From Free Knowledge Base- The DUCK Project: information for everyone
Jump to: navigation, search

Imagemagick has a command called 'convert' and using it we can convert scanned images into a PDF document.

Ghostscript has the command 'gs' which is obviously for Ghostscript and it can be used to compress the PDF document into a more efficient file size depending on your needs.

You can install imagemagick with apt

sudo apt install imagemagick

From the imagemagick package, use the convert command to perform tasks such as taking a folder of jpg images and creating a single PDF document. If the images are numbered in a way such as 01 02 03 04 05 (use leading zeros) then the page order will concur.

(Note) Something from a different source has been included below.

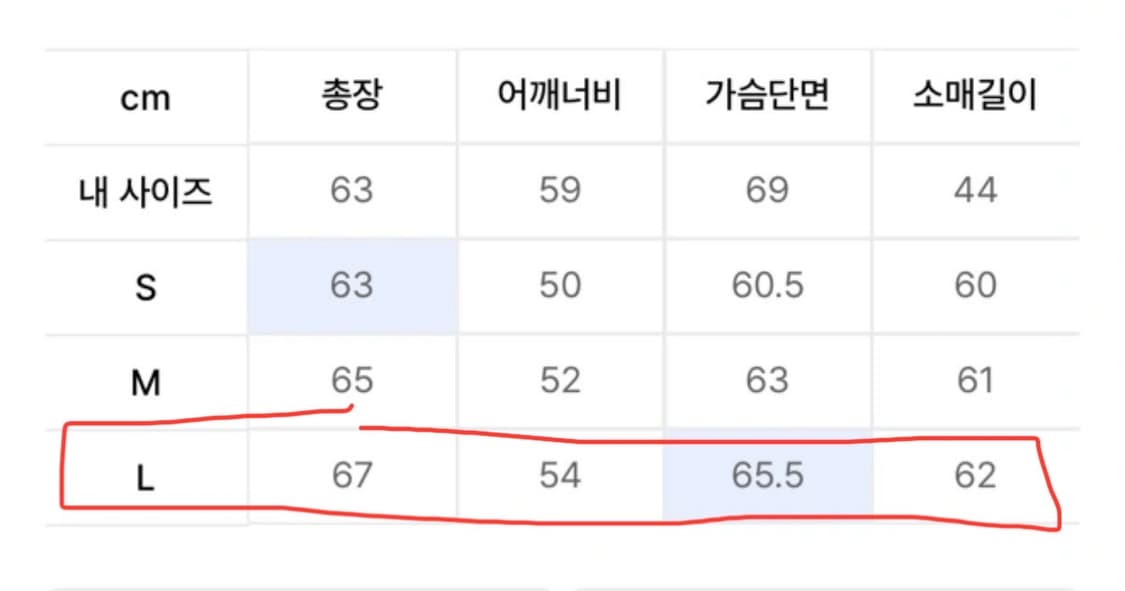 데케트 데님 워크 자켓 블랙 L 상품이미지4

convert *.jpg document.pdf

It also works with png files

convert *.png document.pdf

to compress:

gs -dNOPAUSE -dBATCH -sDEVICE=pdfwrite -dCompatibilityLevel=1.4 -dPDFSETTINGS=/printer -sOutputFile=output.pdf input.pdf

Note the -dPDFSETTINGS paramter which can use a predefined value preceded by a slash. These values are:

  1. /screen - yields a terrible lowest possible resolution which looks like crap
  2. /ebook - the lowest you should consider and still pretty bad
  3. /printer - the one used in the example above, provides good compression and acceptable quality
  4. /prepress - very high quality

For most applications the /printer option will provide the desired result.

Although you can then use a tool such as Tesseract to add a searchable text layer over the PDF image text for the purpose of indexing, it does not work directly on a PDF document itself.